Ingredients:

  • 1 cup (240g) plain Greek yogurt
  • 3 tbsp (45ml) fresh lime juice
  • 1 tbsp (6g) lime zest
  • 1/2 cup (20g) fresh mint leaves, finely chopped
  • 4 cloves (12g) garlic, minced
  • 1 tsp (2g) ground cumin
  • 1 tsp (6g) kosher salt
  • 1/2 tsp (3g) cracked black pepper
  • 2 tbsp (30ml) extra virgin olive oil
  • 3 lbs (1.36kg) boneless, skinless chicken thighs

Instructions:

  1. In a large glass mixing bowl, whisk together the Greek yogurt, lime juice, lime zest, minced garlic, and ground cumin.
  2. Fold in the chopped mint and olive oil, stirring until the mixture becomes a vibrant, pale green paste.
  3. Pat the chicken thighs completely dry with paper towels to ensure the marinade adheres.
  4. Toss the chicken into the bowl and massage the marinade into every crevice.
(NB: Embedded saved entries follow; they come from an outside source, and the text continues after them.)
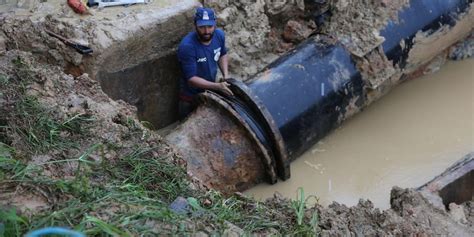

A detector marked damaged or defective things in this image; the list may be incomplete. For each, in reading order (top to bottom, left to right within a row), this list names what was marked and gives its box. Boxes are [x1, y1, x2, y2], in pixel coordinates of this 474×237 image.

rusty pipe section [165, 0, 472, 193]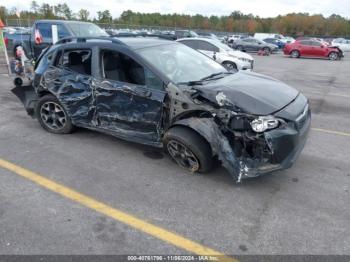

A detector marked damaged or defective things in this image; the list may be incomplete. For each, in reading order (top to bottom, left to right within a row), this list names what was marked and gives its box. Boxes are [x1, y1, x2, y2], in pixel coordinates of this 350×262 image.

heavily damaged car [12, 36, 310, 182]
crumpled hood [197, 70, 298, 114]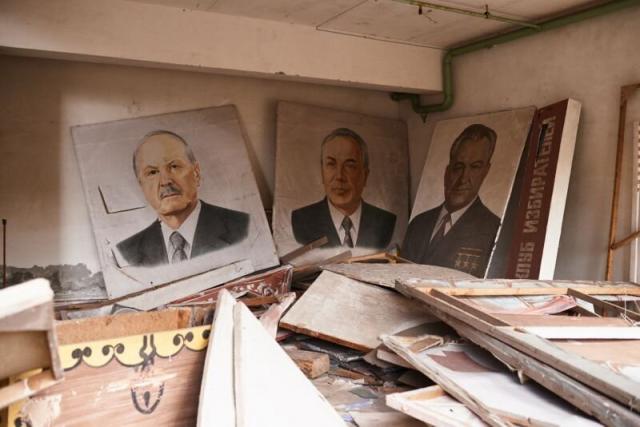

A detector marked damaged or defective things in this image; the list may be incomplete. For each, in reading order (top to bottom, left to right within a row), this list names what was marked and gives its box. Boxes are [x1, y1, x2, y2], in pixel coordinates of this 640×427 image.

broken wooden board [0, 280, 62, 410]
broken wooden board [9, 326, 210, 426]
broken wooden board [56, 308, 191, 344]
broken wooden board [198, 290, 235, 427]
broken wooden board [169, 266, 292, 306]
broken wooden board [234, 302, 344, 426]
broken wooden board [280, 272, 436, 352]
splintered wood [280, 272, 436, 352]
broken wooden board [322, 262, 472, 290]
broken wooden board [384, 386, 484, 427]
broken wooden board [382, 338, 604, 427]
broken wooden board [410, 286, 640, 426]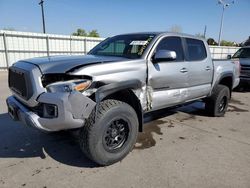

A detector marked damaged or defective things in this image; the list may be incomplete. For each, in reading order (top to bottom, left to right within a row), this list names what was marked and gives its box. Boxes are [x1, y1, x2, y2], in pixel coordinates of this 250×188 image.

Cover with plastic wrap and refrigerate for at least 4 hours (up to 24 hours).
  5. Heat a cast iron skillet over medium-high heat until a drop of water dances on the surface.
  6. Place chicken in the pan without crowding. Sear for 5–7 minutes per side until the yogurt bubbles and caramelizes into a deep golden brown.
  7. Remove the chicken once an instant-read thermometer confirms an internal temperature of 165°F (74°C).